[What you are asked to do] When you reach the line below that has "Photo 1 of ***MISSING PARTS***", start returning lines exactly, and stop after the line that has "Myth Qholve Hagia"; skip the pictures.

[Available data]
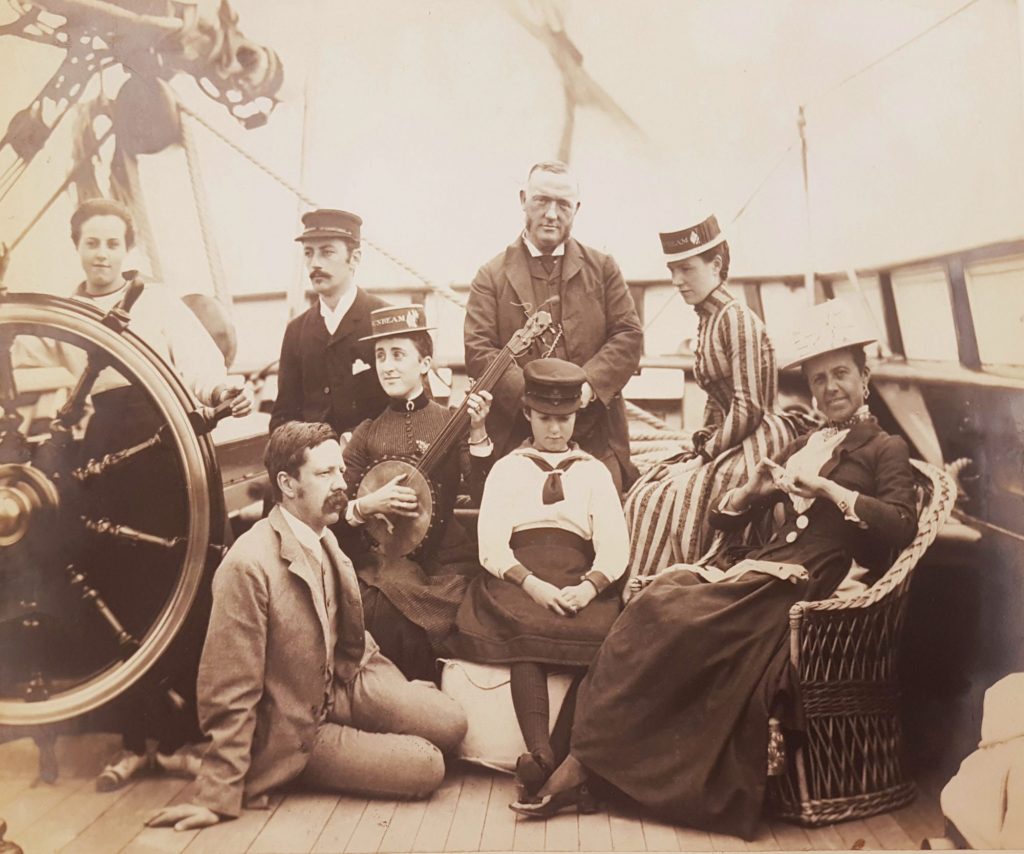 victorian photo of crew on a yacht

---

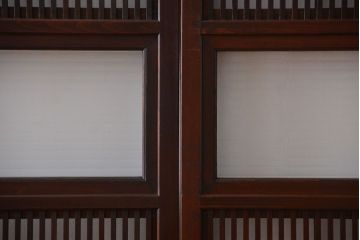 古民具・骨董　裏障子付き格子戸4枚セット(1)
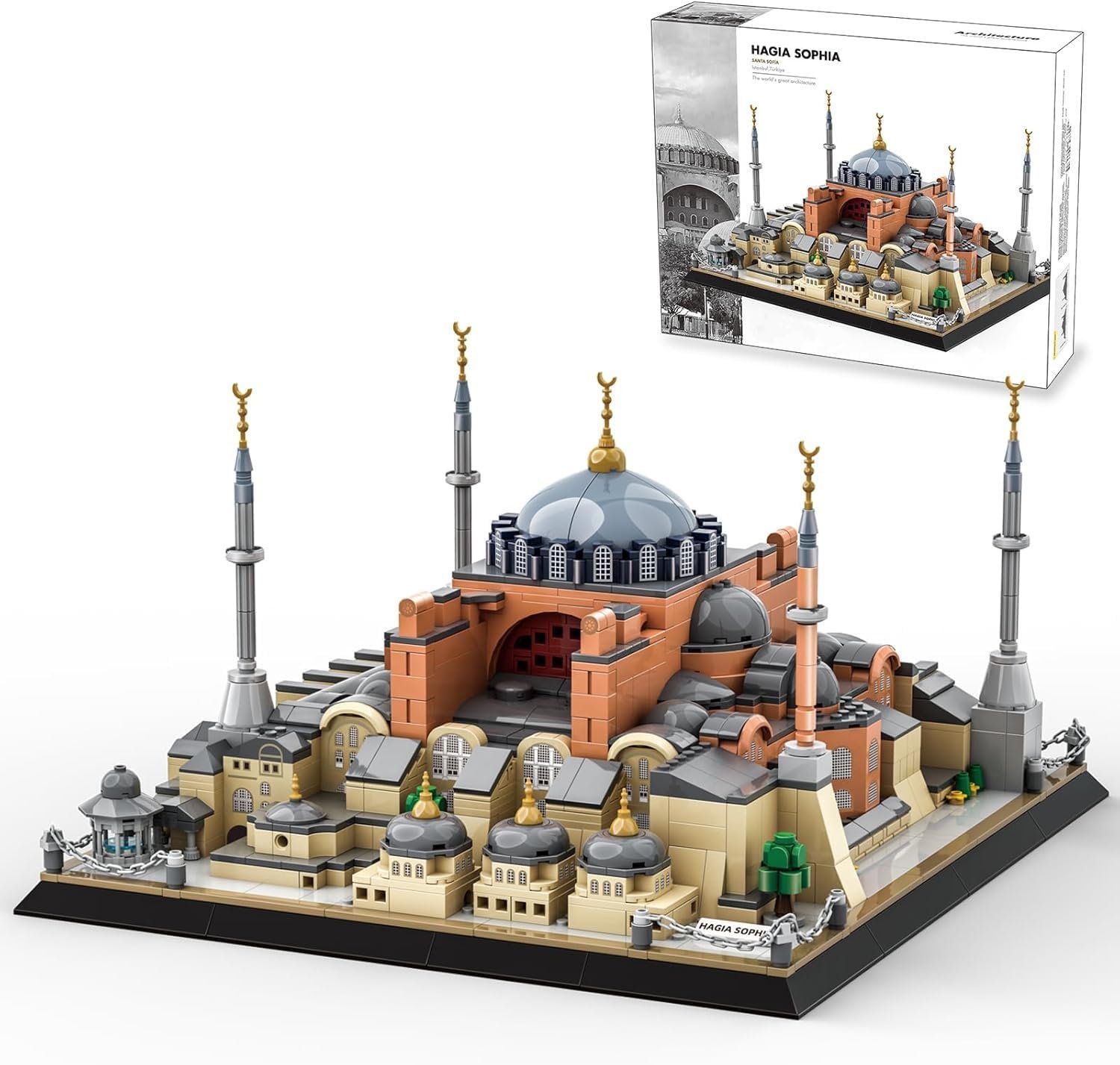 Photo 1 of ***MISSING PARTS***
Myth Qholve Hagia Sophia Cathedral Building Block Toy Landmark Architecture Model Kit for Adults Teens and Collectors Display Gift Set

* * *

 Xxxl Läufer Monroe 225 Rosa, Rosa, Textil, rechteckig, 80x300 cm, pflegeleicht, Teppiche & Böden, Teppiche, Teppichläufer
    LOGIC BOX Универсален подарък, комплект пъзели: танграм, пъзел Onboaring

[Task response]
 Photo 1 of ***MISSING PARTS***
Myth Qholve Hagia Sophia Cathedral Building Block Toy Landmark Architecture Model Kit for Adults Teens and Collectors Display Gift Set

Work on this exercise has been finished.